He went on to say, "By dividing people into smaller and smaller groups and diminishing the experiences of others, we atomise our society ever more and keep potential allies and friends at arm's length”.
Sir Keir, who made efforts to be photographed wearing an England football jersey at key moments through the summer, instead emphasises the importance of patriotism. Again he wrote “Nationalism represents an attempt to divide people from one another; patriotism is an attempt to unite people of different backgrounds. Nationalism is about the casting out of the other; patriotism is about finding common ground. Nationalism is the flag as a threat. Patriotism is the flag as a celebration”.
It's a difficult dance. And always has been.
I’m with Tudor Watkins and Jim Griffiths on this one. And Mark Drakeford. And Welsh Labour voters.
But these are complex, diffuse, and potent forces. And we must tread carefully.
The debate that Tudor Watkins was a part of was ‘should Welshness be expressed in political institutions?’. It proved a contentious question in the Labour movement for decades. It is now settled. We have a Senedd, a Welsh Parliament with law making and tax raising powers. The current debate is whether it needs to be bigger, and more powerful, and more plural in the way it chooses our representatives. And my answer to all those questions is Yes.
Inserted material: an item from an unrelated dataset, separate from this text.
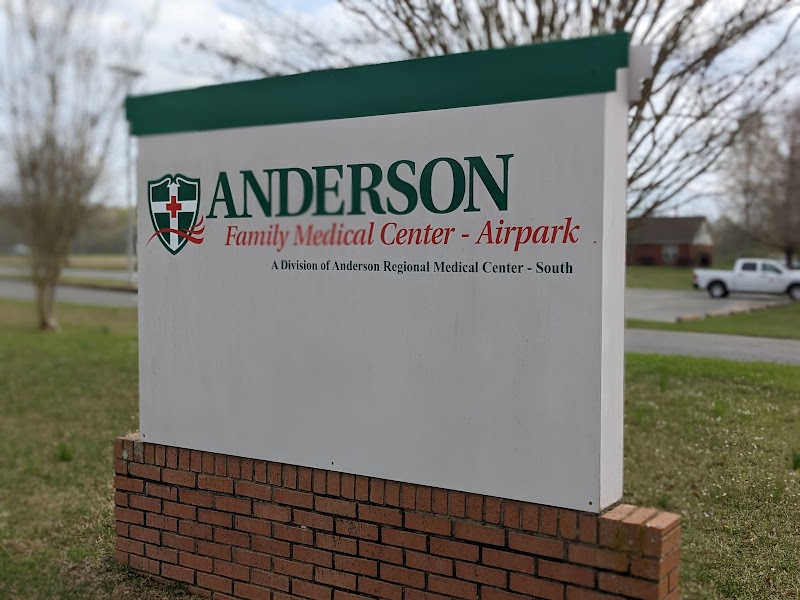 Baptist Anderson Family Medical Center- Airpark photo 4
But there remains a wider question, and it was this one that Keir Starmer was trying to address: What is the future of the UK?
The Welsh voice has been a small one in this debate until now. I’m sure historians will judge it a mistake that former First Minister of Wales, Carwyn Jones was not listened to when he called for a Constitutional Convention to look at the way the UK was working a decade ago. It's not too late, but it does feel like we haven't got long.
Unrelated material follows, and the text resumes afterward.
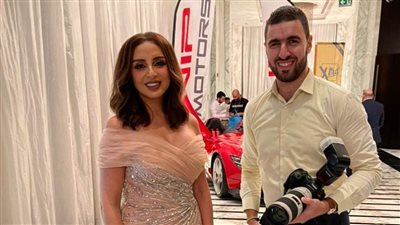 إطلالة أنيقة لـ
Keir Stamer has committed a Labour Government to holding a Constitutional Convention, but the emphasis of his recent speeches and writing has been on giving people the power to change local services, like schools, not on creating a stable constitutional framework for the UK. Sadly, he doesn’t seem to be persuaded by our polite arguments yet. But there’s still time for that too.
I do not myself think it is inevitable that Scotland will vote to leave the UK. I did like the slogan, but that was about all, of the campaign to defeat the independence question in 2014. I think we are ‘Better Together’. I like the idea of co-operation between the nations, and that this shared endeavour should have an institutional expression. A recognition that we are more than the sum of our parts. But all parts deserve equal treatment and respect. And it doesn’t feel like that that at the moment.
This is not currently a happy union. In northern Ireland there’s the prospect of a fresh border poll within the foreseeable future, and in Scotland support for independence persists at around the 50% mark. There are also signs that the ‘English backlash’ Neil Kinnock warned of through the debates of the 1970s is a rising force. The recent book by Richard Wyn Jones and Ailsa Henderson sets out the evidence that a rising sense of Englishness is a potent force. They found that a sense of grievance about England's place within the United Kingdom, and a strong feeling that the state is no longer 'theirs', was a significant factor in the Brexit vote.
As Keir Starmer’s keenness for his football shirt signals, being seen to understand the concerns of England is key. And it’s important. It has been a neglected strand of political debate. Our party has struggled with it. Just as in Tudor Watkins’ time we struggled to find an expression of our feelings of Welsh national identity in our constitutional arrangements, we now find ourselves in the same pickle over Englishness.
We’ve found it easier to talk about regional answers to The English Question than we have to identify coherent and sustainable national, and mutli-national, responses.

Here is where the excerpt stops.